Restate word for word each line from the one containing "Premium Mystical Wooden" through the end of the material, and nothing more. Drop every picture.

▶ Source material:
__________
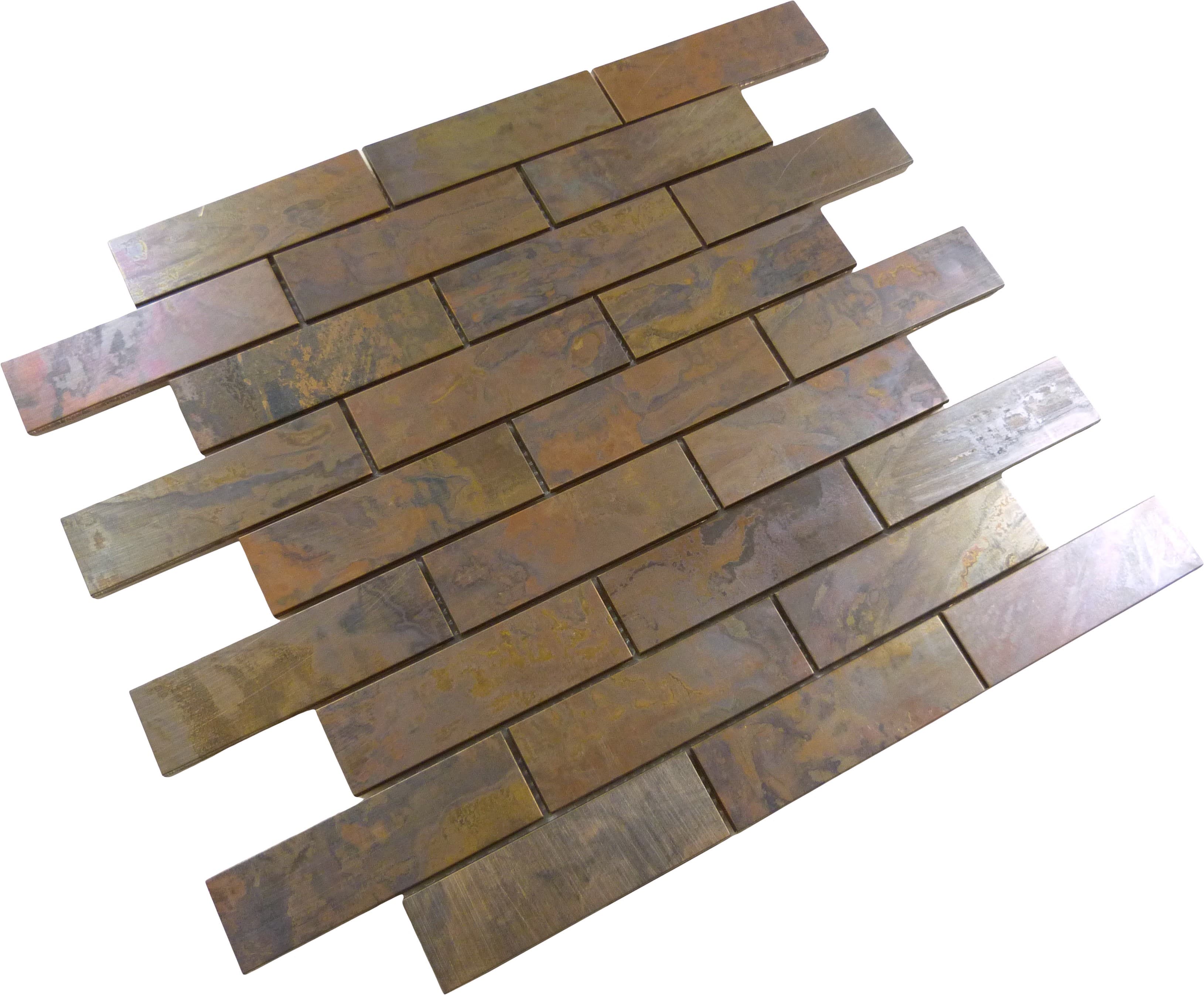 Brick Set Antique Copper 1x4 Metal Antique Tile Millenium Products
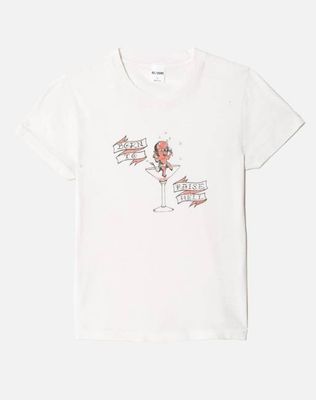 90s Baby Tee "Raise Hell" - Vintage White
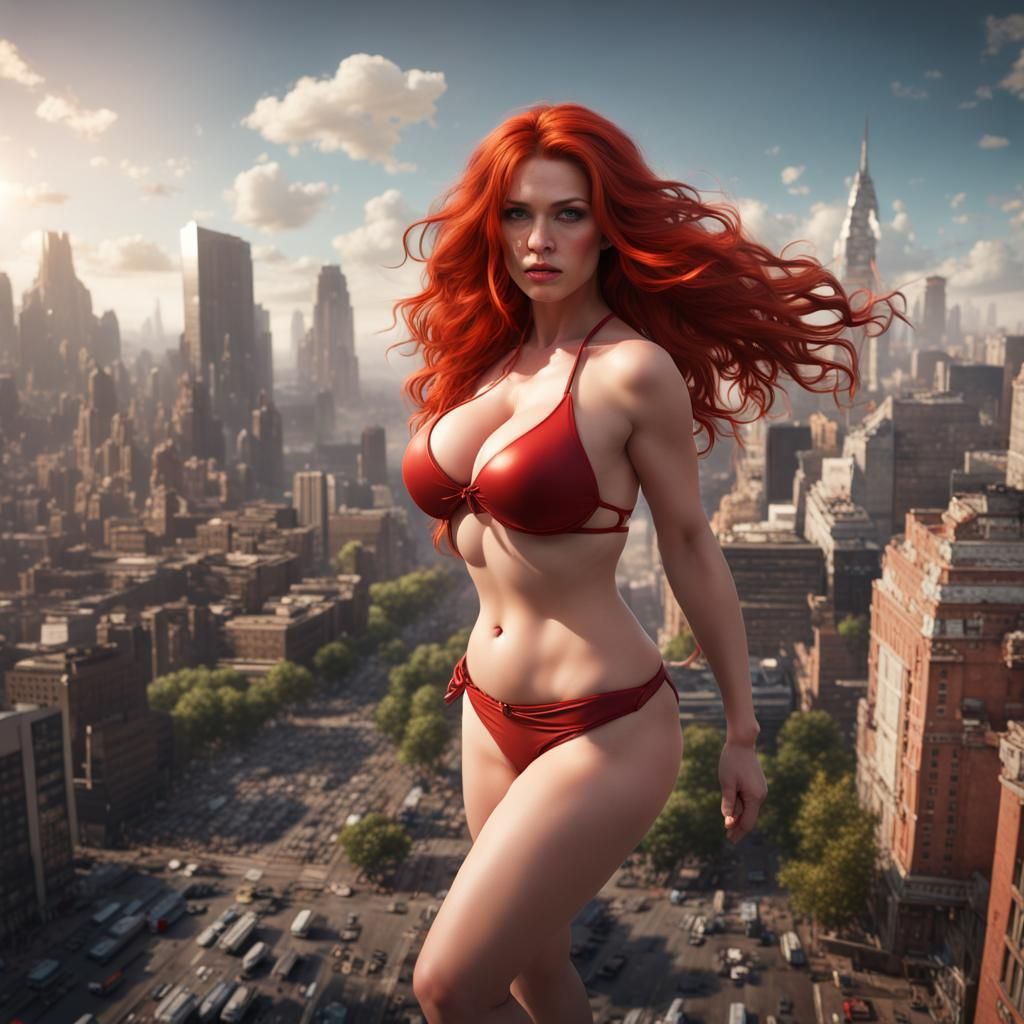 Rampaging Giantess in the City: Fantasy Concept Art
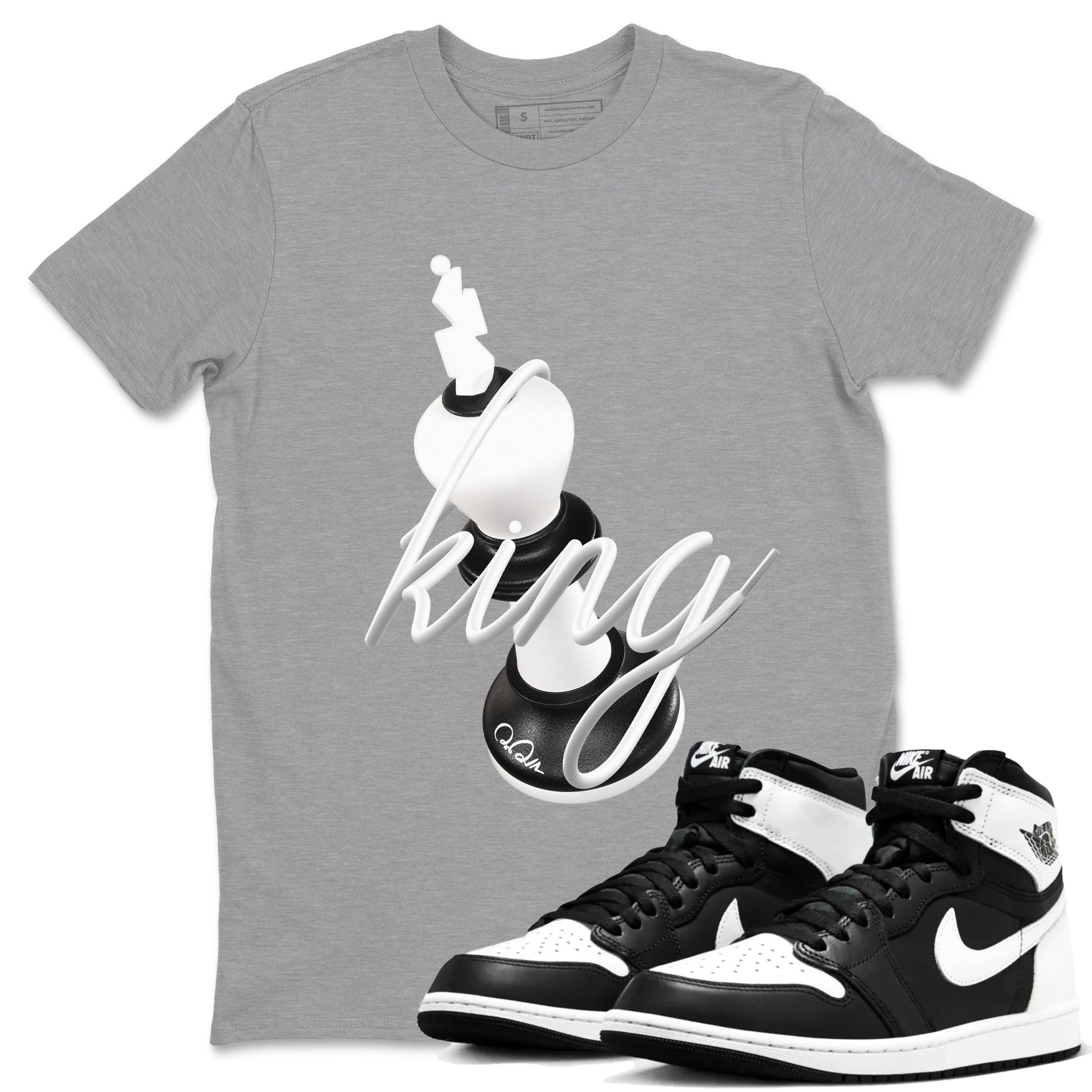 1s Black White shirt to match jordans 3D King sneaker tees Air Jordan 1 High OG Black White SNRT Sneaker Release Tees unisex cotton Heather Grey 1 crew neck shirt
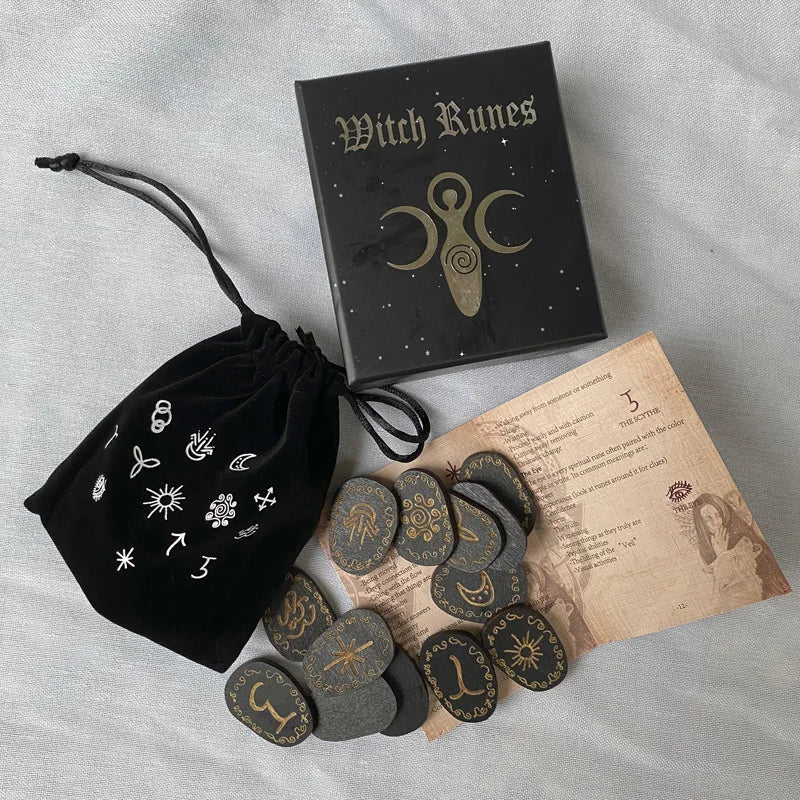 Premium Mystical Wooden Witches Runes Set For Rituals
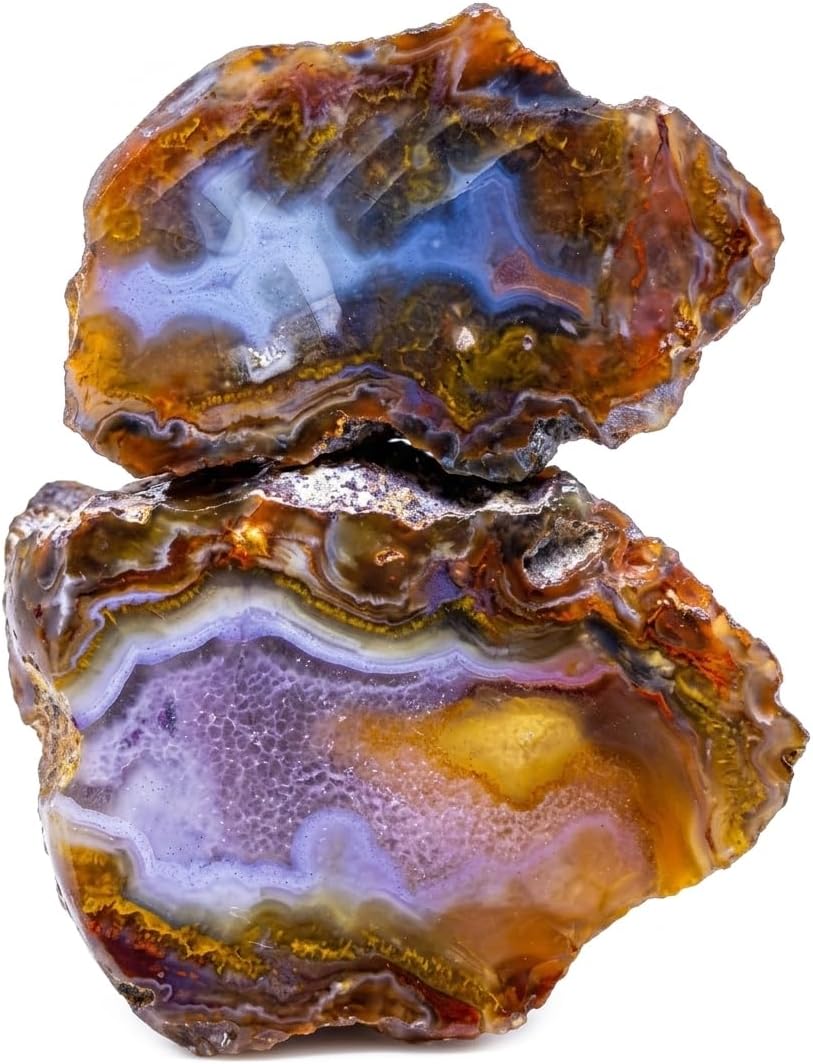 Multicolour Banded Agate Pair | Polished Natural Agate Slice | Grounding, Balance & Emotional Harmony Stone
__________
▶ Your solution:
 Premium Mystical Wooden Witches Runes Set For Rituals
 Multicolour Banded Agate Pair | Polished Natural Agate Slice | Grounding, Balance & Emotional Harmony Stone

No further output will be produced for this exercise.